(Records from a dataset)
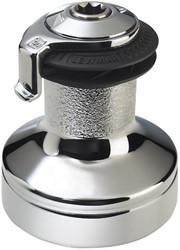 Lewmar 40CST Ocean selftailing lier - chroom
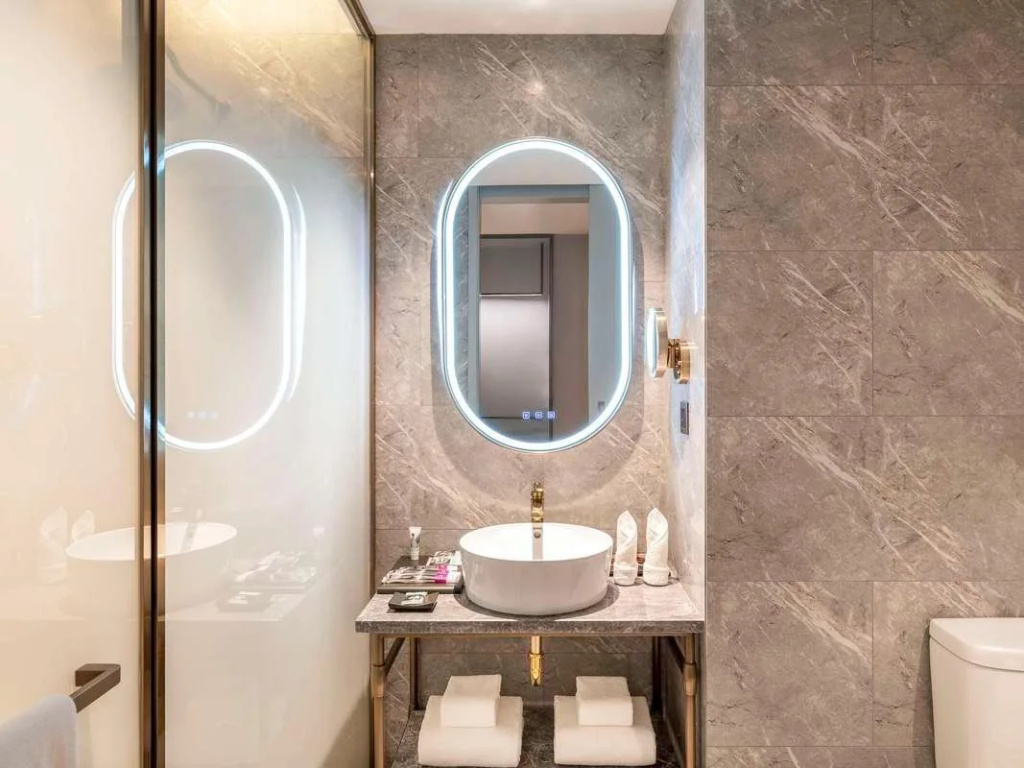 Mercure Hangzhou Xixi Wetland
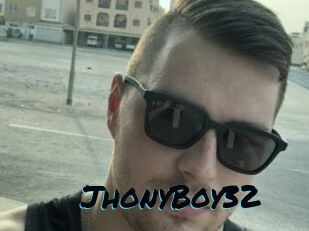 JhonyBoy32
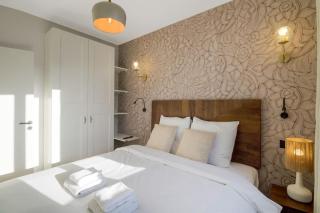 22.Appart 4Pers#1 Bedroom#Père Lachaise #Nation - 8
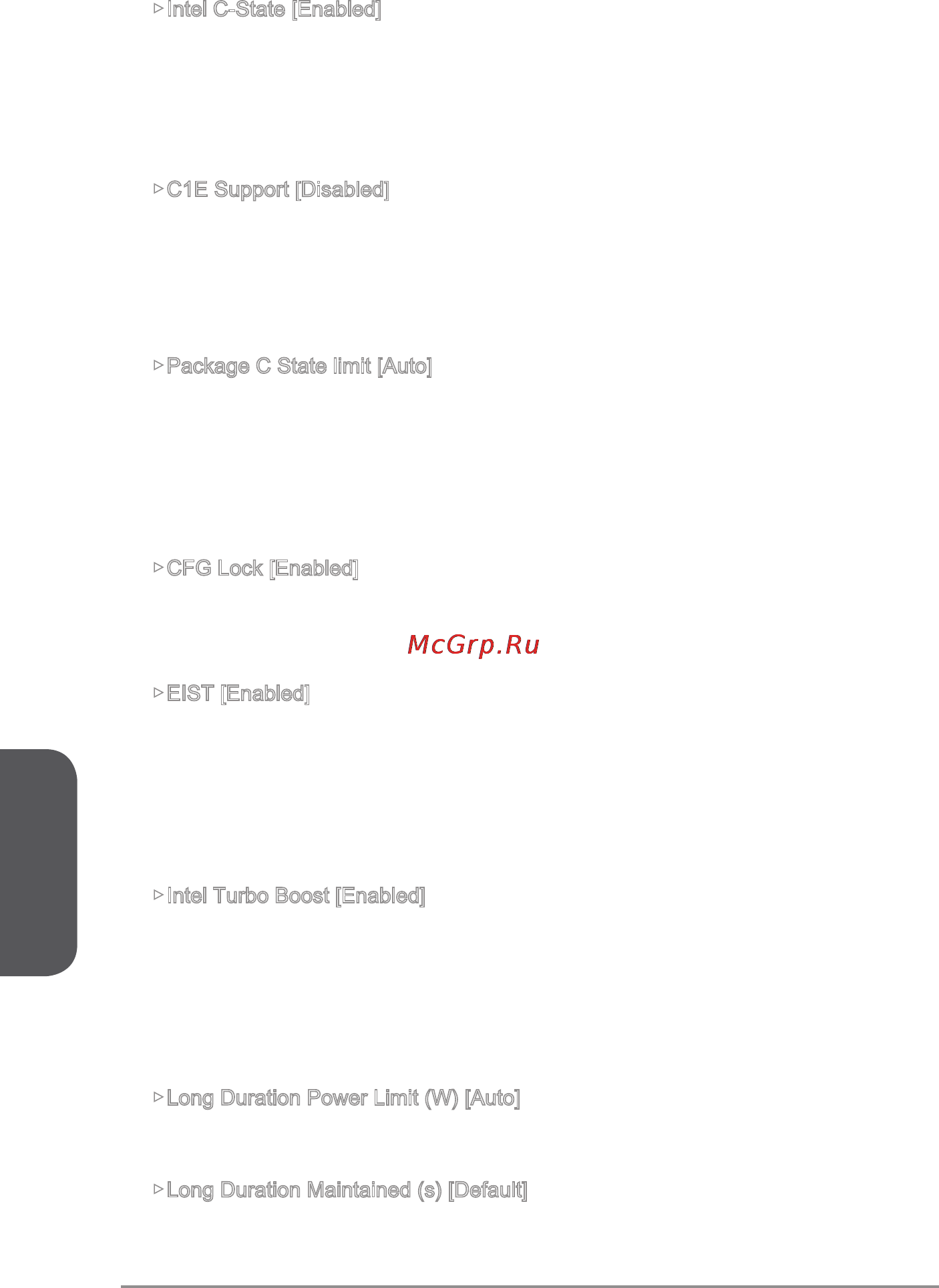 MSI x99a godlike gaming [168/236] Français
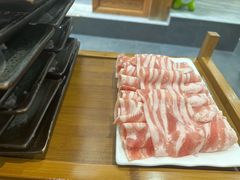 -风情丽江斑鱼火锅(孙家沟西南路80号店)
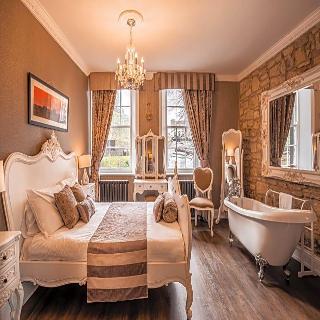 Sun Hotel Warkworth fotoÄŸrafÄ±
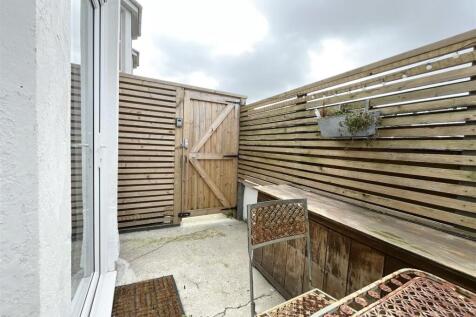 St. Thomas Road, Newquay TR7 1 bed apartment for sale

§ HOW TO COMPLETE THIS TASK: Reproduce exactly, and only, the lines from the one containing "MSI x99a godlike gaming [168/236] Français" through the last line of the records above, both included, leaving out any pictures.

§ RESULT BELOW:
 MSI x99a godlike gaming [168/236] Français
 -风情丽江斑鱼火锅(孙家沟西南路80号店)
 Sun Hotel Warkworth fotoÄŸrafÄ±
 St. Thomas Road, Newquay TR7 1 bed apartment for sale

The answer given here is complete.